Au fond peut-être, il n’eut de toute sa vie qu’une seule grande passion, à laquelle il eut raison de sacrifier les autres, l’amour de son art. La rencontre de la belle Anna-Maria lui avait d’abord fait oublier ses engagemens envers le banquier anglais, mais ses études et ses travaux l’en écartèrent bien davantage. Avec son premier succès, il était loin de se croire en possession de l’idéal poursuivi, et c’est pourquoi dix ans plus tard il offrait à M. Hope de lui faire un autre Jason, plus beau que le premier. On peut dire que, s’il ne fut pas assez reconnaissant pour son bienfaiteur, il le fut du moins envers la Providence, car il ne se servit de la liberté conquise que pour redoubler ses études et aider de toute son ardeur à sa vocation. Depuis la vente du Jason, sa bonne étoile ne l’abandonnait plus. Le baron de Schubart, ambassadeur de Danemark à Naples, et sa femme, qui aimaient les arts, s’empressent d’adopter leur jeune compatriote. Ils le présentent à Rome chez le baron Guillaume de Humboldt, ministre de Prusse. L’artiste rencontre là de grands personnages, l’élite de l’aristocratie allemande, russe ou anglaise, et chacun de lui demander un marbre. Le voilà sans relâche au travail, exécutant pour ses riches protecteurs une série de commandes sur des sujets empruntés au paganisme. Dès ce moment, sa carrière est tracée : il sera l’artiste favori des grands seigneurs ou des souverains du Nord. Cette clientèle cosmopolite et princière, qui fit d’abord sa fortune, ne favorisa peut-être pas également dans la suite le libre développement de son génie. Mais au moment dont nous parlons elle lui permit de travailler et de grandir sans cesse pendant quinze années, pendant tout le temps que les guerres de l’empire bouleversaient l’Europe. Toute cette période de sa vie fut consacrée à des œuvres mythologiques dont les plus connues sont, en suivant l’ordre du temps : l’Amour et Psyché, Adonis (1808), Psyché (1811), l’Amour vainqueur (1814), Hébé (1816), Venus triomphante (1816), Mercure épiant Argus (1818), etc.[1].

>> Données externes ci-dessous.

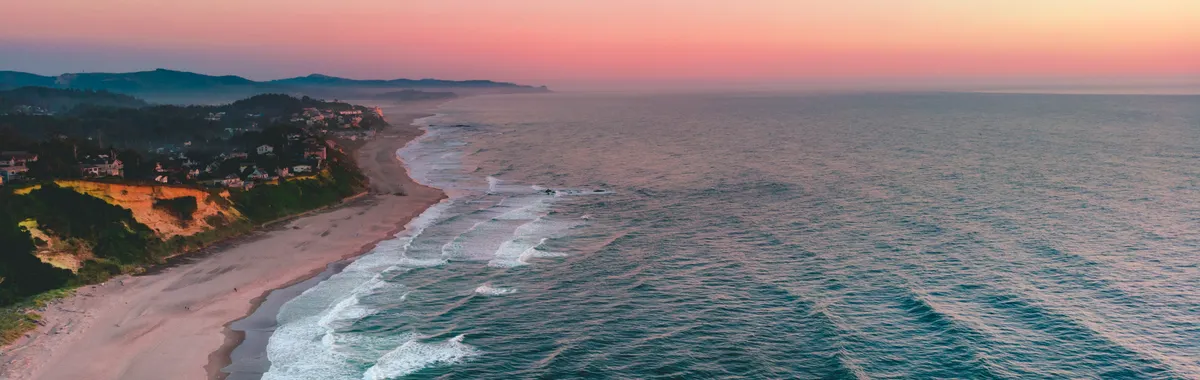 A breathtaking aerial view of Lincoln City's coastline during a vibrant sunset.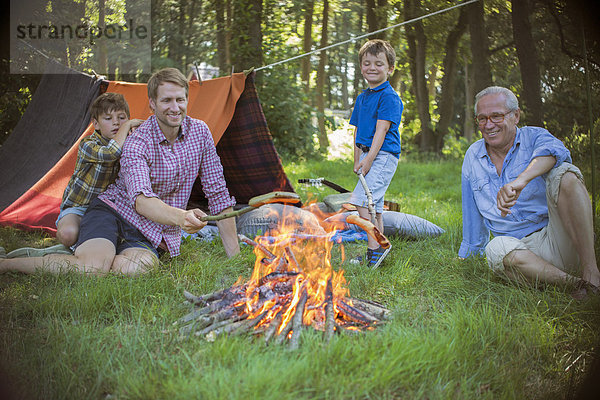 Junge  Vater und Großvater entspannen am Lagerfeuer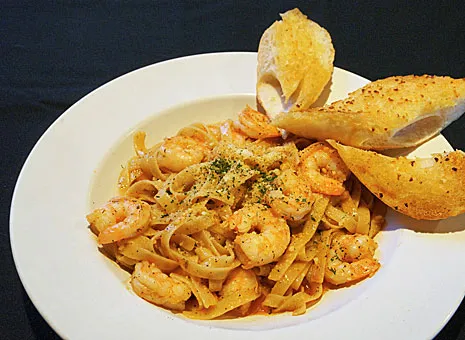 A white plate topped with pasta and shrimp.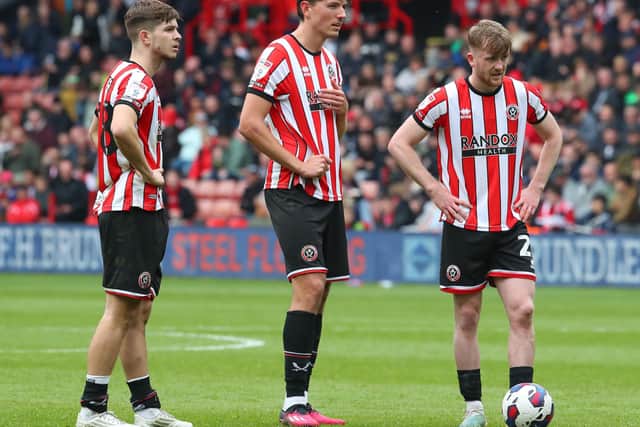 James McAtee and Tommy Doyle with their Sheffield United team mate Sander Berge: Simon Bellis / Sportimage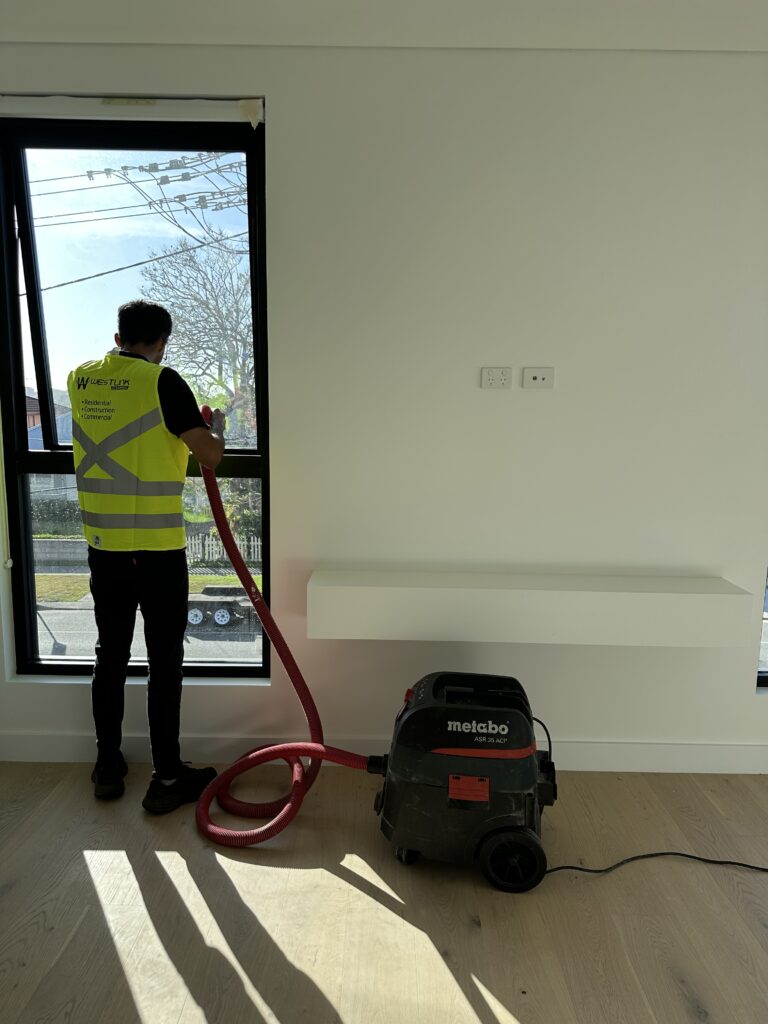 Professional cleaner providing commercial cleaning services in Barden Ridge using vacuum equipment inside a modern office space.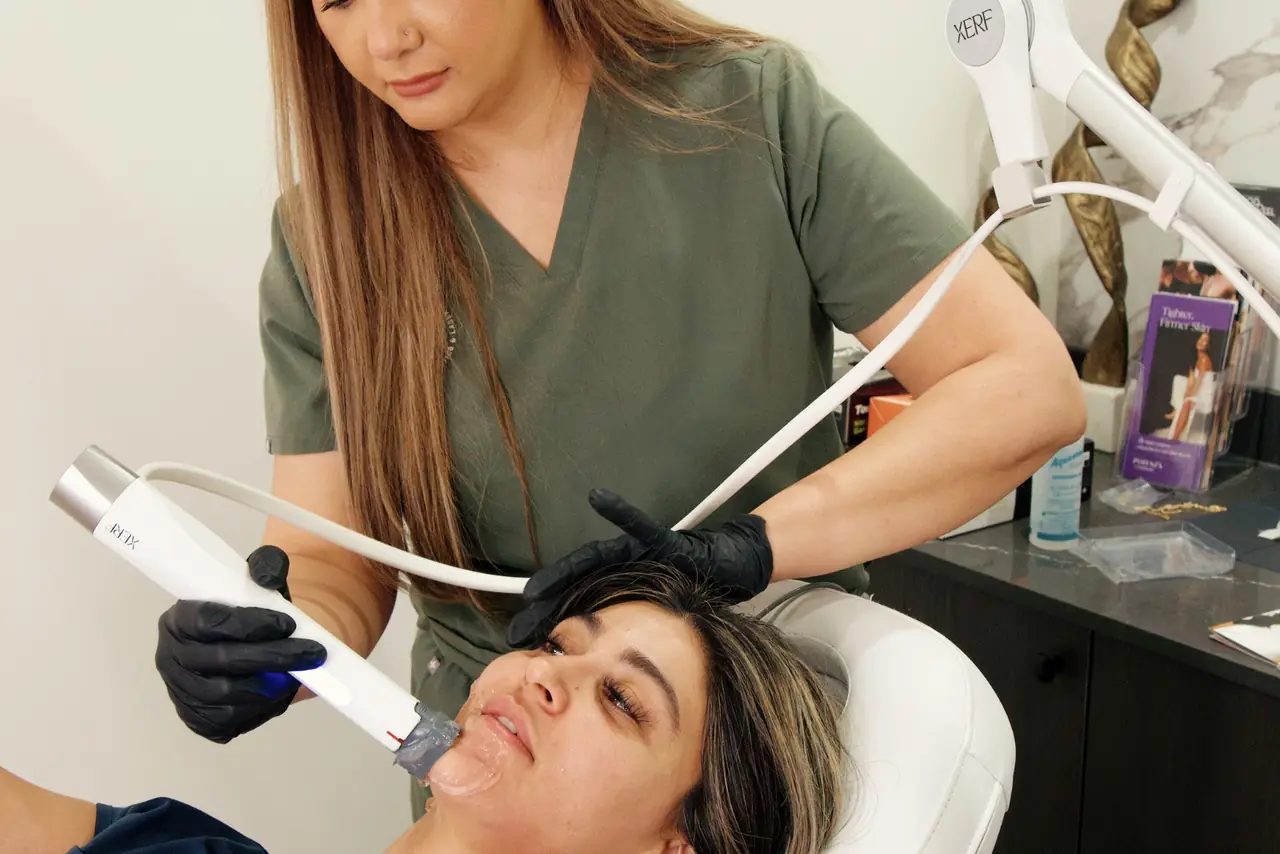 A practitioner working a radiofrequency handpiece along a client’s jawline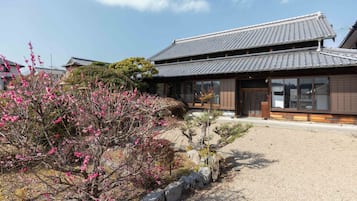 A traditional Japanese building with a tiled roof, a gravel driveway, and a garden with flowering trees.
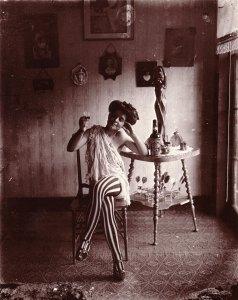 Storyville prostitute drinking Raleigh Rye, photographed by E. J. Bellocq circa 1912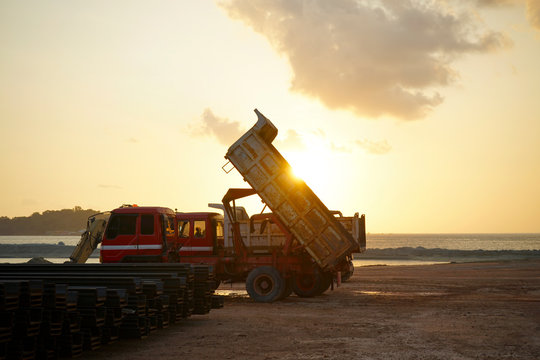 Heavy construction equipment take a rest after work at sunset moment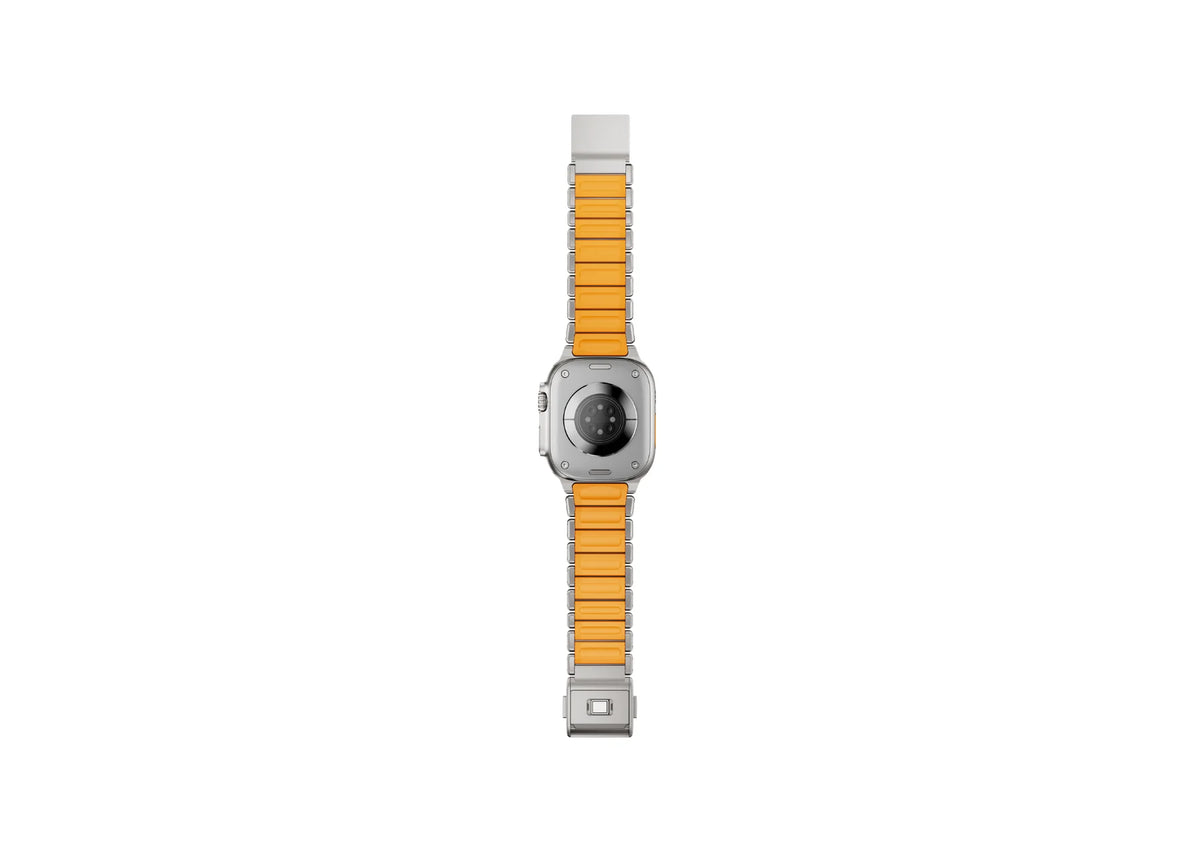 Silver & Orange Titanium Fusion Apple Watch Strap opened to display the powerful magnetic clasp, premium titanium frame and flexible silicone construction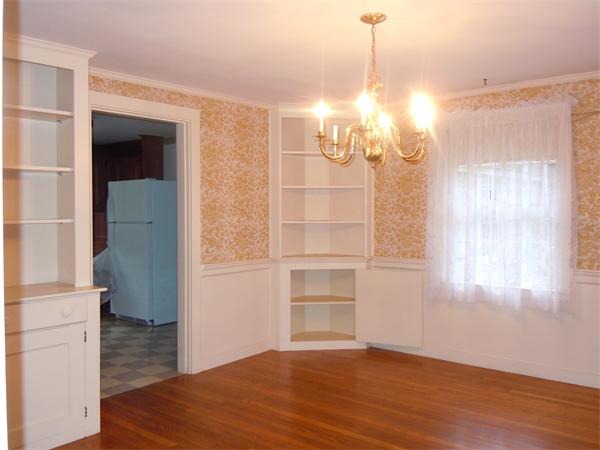94 Bolton Road Harvard, MA 01451 - Photo 5 of 21 a view of a room with wooden floor and windows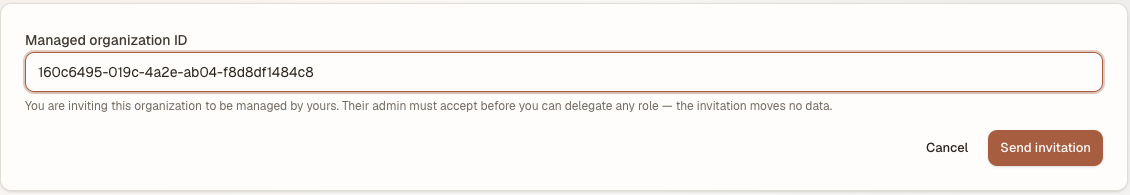 The invite form with a managed organisation id pasted in, above the note that their admin must accept and that the invitation moves no data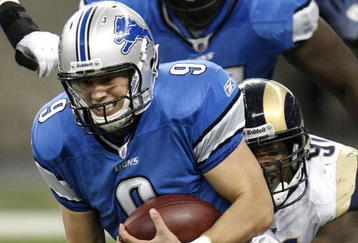 DETROIT , MI - NOVEMBER 01:  Matthew Stafford #9 of the Detroit Lions is tackled by Leonard Little #91 of the St. Louis Rams on November 1, 2009 at Ford Field in Detroit, Michigan.  (Photo by Gregory Shamus/Getty Images)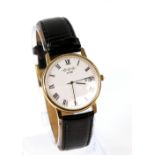 W H Winegarten gentleman's gold wrist watch the white enamel dial with black roman numerals,minute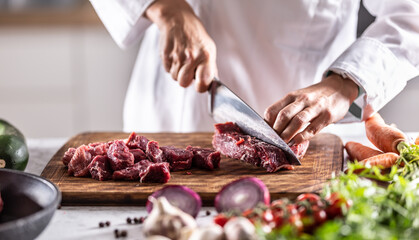 Chef cutting red meat to small chunks to prepare stew or goulash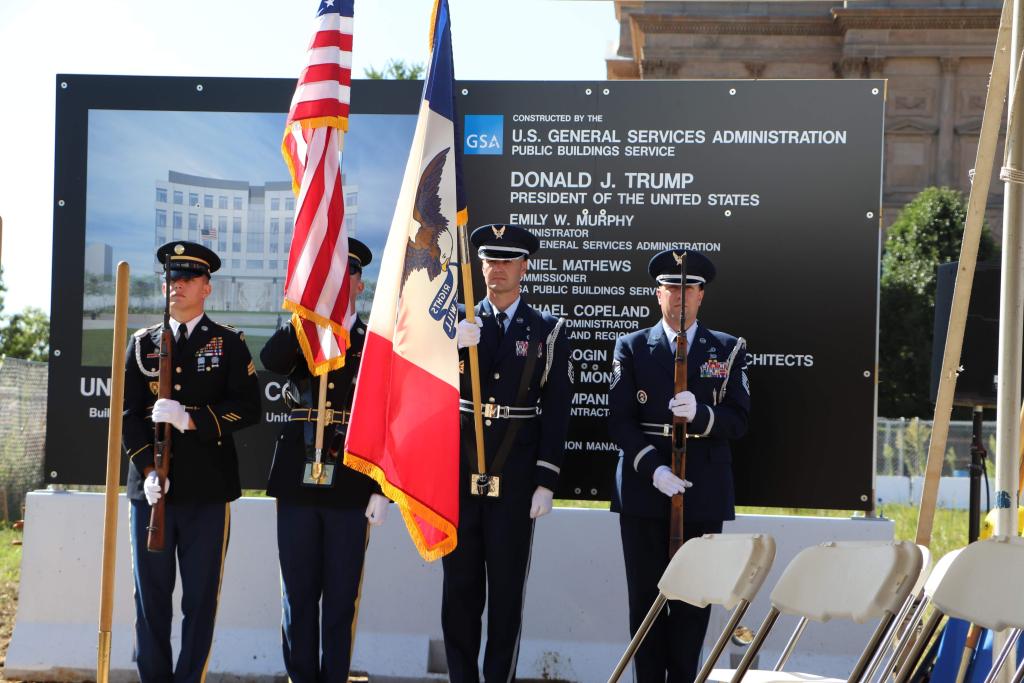Four men stand in military uniforms holding a U.S. flag erect and an Iowa state flag dropped to a 45 degree angle in front of a sign with information about the courthouse construction project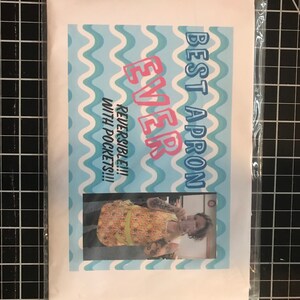 May include: A white and blue patterned apron with the text "Best Apron Ever" and "Reversible!!! With Pockets!!!". The apron is being worn by a person with tattoos.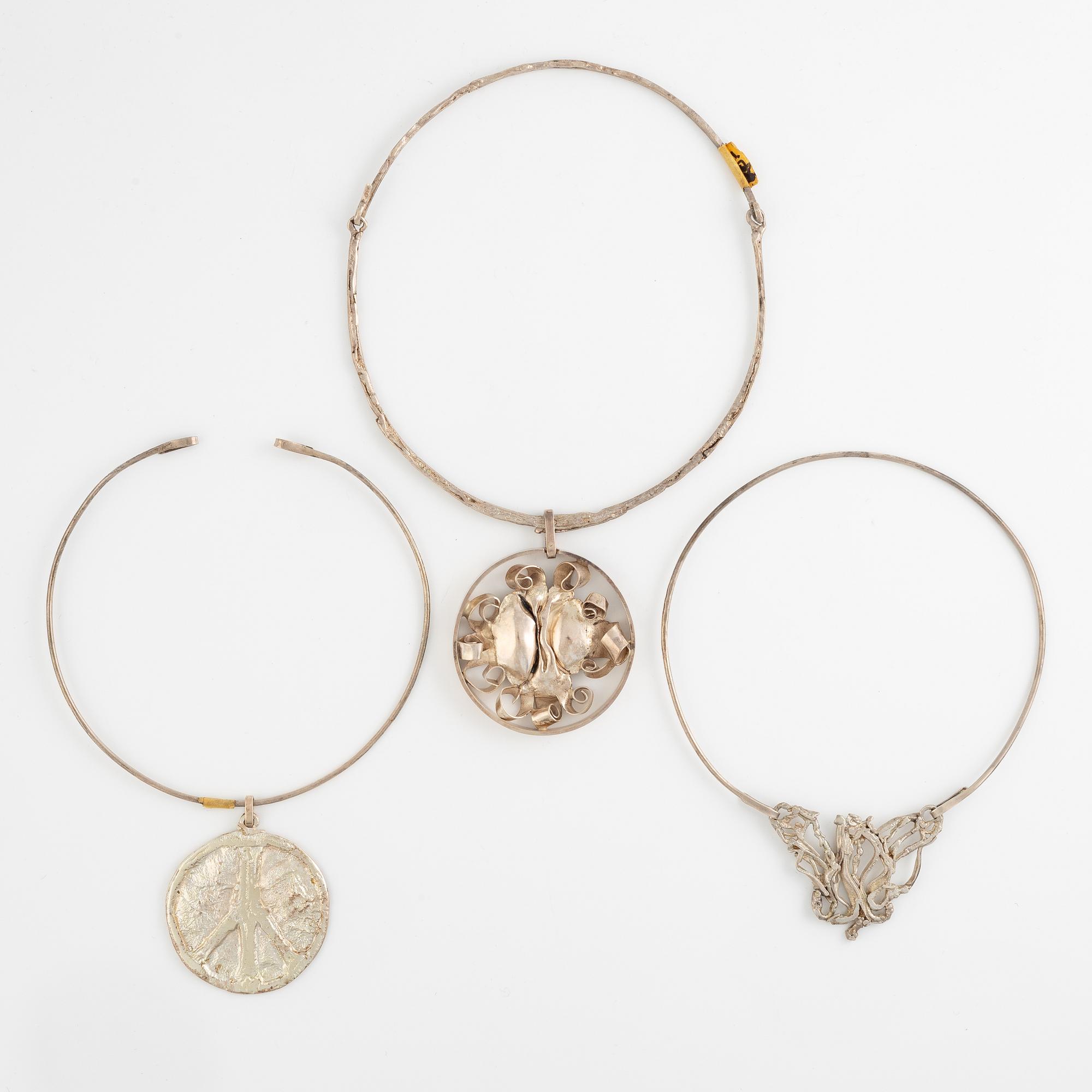 Lars Arby, three neck rings with pendants, silver, Gothenburg including 1977, 1978, and 1982.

Ainsi aidé par la fortune, Thorvaldsen, en fixant son séjour à Rome, servait à la fois ses goûts, son talent et sa renommée. Les amateurs venaient facilement à lui de tous les points de l’Europe, où son nom devint célèbre en peu d’années. Mais à Rome il eut plus de peine à se faire une place. Canova y régnait sans partage, et il était difficile au Danois de balancer sur son propre terrain le brillant, l’aimable, le pathétique Vénitien. Son origine même et la religion

  1. La plupart de ces statues obtinrent un tel succès que le maître en exécuta plusieurs répétitions. Ces marbres précieux sont dispersés dans les collections particulières en Allemagne, en Russie, en Angleterre.